Tief atmend auf der Schaukel besonderen Mitgefühls

∞  17 April 2010, 20:41

Ich lese zur Zeit Atemschaukel von Herta Müller.

Das Buch ist in Szenen, Beschreibungen von einzelnen Wahrnehmungen aufgeteilt und erzählt von einem fünfjährigen Aufenthalt in einem stalinistischen Arbeitslager nach dem zweiten Weltkrieg. Kein leichter Stoff. Und doch lese ich darin regelmässig vor dem Einschlafen. Der allgegenwärtige Hunger und die darin zum Ausdruck kommende Menschenverachtung könnten depressiv machen.
Die Schilderung der sinnfreien Ödnis in jedem Tag ist ohne jeden Schnörkel – und doch ist es Poesie. Herta Müller erzählt in Ich-Form die Geschichte eines jungen Mannes. Wie sie es tut, ist keine Aufforderung, in Mitleid zu versinken. Es ist eine Poesie des Mitgefühls, die ein ganz persönliches Leiden offensichtlich macht. Und das ganz grosse Verdienst der Autorin, das sie für mich hat, ist, dass dieses Mitgefühl bei mir tatsächlich nie in Mitleid kippt. Ich bin einmal mehr erschüttert darüber, wie wir Menschen in der Lage sind, einander zu behandeln. Aber Herta Müller macht durch Ihre Einfühlung und Behutsamkeit in der Sprache aus dem Opfer einen Lehrer. Ich denke regelmässig:

Wenn es mir nur einmal gelänge, einen Tag so zu erleben, wie ihn Müller erleben kann: Ich lese mich in diese fremde Welt – oder an ihren Rand – und das erste Erkennen gilt meinem eigenen Bewusstsein: Hätte ich einen kleinen Funken mehr Verstand für die Schönheit in meinem Leben, und würde ich ihr mit der gleichen Achtsamkeit nachgehen, die hier eine Autorin zeigt, in dem sie vom Sehen, Riechen, Schmecken, Denken und Fühlen eines Menschen erzählt, dem sie sehr, sehr gut zugehört und zugefühlt haben muss – ich würde wohl vor Glück fliegen können, so reich und schwerelos ist mein Leben. Könnte es sein.
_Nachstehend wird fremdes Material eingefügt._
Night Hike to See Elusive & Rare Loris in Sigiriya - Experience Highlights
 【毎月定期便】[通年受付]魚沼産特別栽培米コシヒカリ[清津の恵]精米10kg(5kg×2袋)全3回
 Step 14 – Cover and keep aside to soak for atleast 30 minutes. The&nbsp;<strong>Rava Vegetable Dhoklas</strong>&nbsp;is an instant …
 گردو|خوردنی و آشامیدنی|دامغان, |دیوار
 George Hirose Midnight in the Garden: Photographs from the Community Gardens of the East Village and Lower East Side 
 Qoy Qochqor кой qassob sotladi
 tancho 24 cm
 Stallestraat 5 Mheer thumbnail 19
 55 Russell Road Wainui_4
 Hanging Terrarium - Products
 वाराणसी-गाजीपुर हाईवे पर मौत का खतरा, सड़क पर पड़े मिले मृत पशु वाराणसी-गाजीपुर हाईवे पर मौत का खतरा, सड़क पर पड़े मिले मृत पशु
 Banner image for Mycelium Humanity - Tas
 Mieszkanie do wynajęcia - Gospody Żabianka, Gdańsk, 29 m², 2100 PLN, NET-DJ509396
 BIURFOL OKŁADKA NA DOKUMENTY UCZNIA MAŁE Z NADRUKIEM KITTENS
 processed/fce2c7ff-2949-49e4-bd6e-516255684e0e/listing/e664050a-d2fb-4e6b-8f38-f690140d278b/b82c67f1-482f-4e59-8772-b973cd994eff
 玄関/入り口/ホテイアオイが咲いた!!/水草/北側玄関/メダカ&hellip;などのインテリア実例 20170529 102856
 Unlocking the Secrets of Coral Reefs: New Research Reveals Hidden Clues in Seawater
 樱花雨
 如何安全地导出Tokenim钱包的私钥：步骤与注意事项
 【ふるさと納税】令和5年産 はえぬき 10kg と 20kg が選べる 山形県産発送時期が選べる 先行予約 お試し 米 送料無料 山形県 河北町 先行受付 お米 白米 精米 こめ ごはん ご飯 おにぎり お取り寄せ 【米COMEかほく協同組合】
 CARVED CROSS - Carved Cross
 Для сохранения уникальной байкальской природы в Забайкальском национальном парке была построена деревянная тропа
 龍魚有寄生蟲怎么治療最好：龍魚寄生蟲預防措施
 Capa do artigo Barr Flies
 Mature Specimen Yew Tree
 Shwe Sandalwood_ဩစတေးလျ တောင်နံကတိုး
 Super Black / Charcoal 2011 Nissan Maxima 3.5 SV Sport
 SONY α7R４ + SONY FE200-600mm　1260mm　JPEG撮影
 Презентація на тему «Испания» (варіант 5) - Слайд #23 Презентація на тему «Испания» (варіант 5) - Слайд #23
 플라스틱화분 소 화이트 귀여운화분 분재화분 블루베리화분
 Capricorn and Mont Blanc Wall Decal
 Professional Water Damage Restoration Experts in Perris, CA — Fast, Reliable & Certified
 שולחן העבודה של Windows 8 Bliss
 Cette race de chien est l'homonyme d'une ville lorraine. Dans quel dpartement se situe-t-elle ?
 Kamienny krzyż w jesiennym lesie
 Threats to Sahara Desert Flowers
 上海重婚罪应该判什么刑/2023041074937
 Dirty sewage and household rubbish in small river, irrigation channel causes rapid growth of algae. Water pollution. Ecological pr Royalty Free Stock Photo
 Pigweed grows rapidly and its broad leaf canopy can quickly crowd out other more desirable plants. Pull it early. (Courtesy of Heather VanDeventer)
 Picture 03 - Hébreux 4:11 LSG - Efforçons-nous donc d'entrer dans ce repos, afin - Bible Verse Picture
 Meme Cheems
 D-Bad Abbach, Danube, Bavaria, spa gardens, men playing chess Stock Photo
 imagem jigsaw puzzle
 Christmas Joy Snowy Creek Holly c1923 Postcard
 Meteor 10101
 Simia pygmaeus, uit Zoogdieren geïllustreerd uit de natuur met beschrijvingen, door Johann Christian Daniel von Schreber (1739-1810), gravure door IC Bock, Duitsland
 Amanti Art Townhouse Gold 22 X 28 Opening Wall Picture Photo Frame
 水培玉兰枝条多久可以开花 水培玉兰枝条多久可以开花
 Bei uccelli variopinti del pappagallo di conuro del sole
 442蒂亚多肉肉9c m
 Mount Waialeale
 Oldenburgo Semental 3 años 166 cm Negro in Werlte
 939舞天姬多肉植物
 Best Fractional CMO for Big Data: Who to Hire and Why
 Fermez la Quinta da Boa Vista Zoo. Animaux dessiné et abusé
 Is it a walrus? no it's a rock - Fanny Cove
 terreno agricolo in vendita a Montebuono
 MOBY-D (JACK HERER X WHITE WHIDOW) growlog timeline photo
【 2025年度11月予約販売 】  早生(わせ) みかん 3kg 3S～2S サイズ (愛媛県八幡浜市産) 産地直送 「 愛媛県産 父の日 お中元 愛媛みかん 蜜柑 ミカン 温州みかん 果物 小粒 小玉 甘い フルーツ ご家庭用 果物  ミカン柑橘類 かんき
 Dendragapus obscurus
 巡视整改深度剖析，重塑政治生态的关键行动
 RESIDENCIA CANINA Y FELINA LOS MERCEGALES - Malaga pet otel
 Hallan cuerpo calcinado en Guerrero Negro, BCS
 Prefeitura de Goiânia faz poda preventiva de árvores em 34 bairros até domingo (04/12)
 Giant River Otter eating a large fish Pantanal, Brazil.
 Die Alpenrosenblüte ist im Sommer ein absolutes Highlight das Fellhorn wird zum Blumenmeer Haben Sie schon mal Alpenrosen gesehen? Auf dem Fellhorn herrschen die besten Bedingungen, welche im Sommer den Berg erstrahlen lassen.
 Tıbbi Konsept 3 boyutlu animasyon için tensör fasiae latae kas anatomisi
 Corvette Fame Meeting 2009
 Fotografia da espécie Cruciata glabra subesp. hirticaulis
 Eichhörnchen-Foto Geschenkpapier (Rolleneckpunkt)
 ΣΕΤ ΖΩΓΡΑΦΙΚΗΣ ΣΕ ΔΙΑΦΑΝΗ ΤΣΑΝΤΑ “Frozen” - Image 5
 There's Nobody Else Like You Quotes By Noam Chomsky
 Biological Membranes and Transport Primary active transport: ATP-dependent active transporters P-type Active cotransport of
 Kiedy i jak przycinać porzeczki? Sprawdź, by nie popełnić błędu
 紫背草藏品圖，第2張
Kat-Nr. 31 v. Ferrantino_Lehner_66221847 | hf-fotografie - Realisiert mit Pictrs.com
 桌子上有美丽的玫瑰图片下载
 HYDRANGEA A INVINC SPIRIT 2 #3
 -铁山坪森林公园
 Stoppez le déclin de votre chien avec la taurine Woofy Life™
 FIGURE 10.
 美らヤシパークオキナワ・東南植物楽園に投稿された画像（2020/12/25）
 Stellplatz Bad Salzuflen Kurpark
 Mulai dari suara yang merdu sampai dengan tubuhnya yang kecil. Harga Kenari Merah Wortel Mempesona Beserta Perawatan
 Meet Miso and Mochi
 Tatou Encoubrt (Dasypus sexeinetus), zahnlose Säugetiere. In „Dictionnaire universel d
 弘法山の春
Wer tiefstes Leid ertragen muss, ist im übrigen, immer auch ein Lehrer. Und manchmal denke ich, dass wir, die wir einigermassen geistig gesund geblieben sind, das Vermächtnis für ein wirklich achtsames Leben für jene Menschen hoch halten sollten, welche immer verwundet bleiben werden…:

Seit meiner Heimkehr hat jedes Gefühl an jedem Tag seinen eigenen Hunger und stellt Ansprüche auf Erwiderung, die ich nicht bringe. An mich darf sich niemand mehr klammern. Ich bin vom Hunger belehrt und aus Demut uerreichbar, nicht aus Stolz.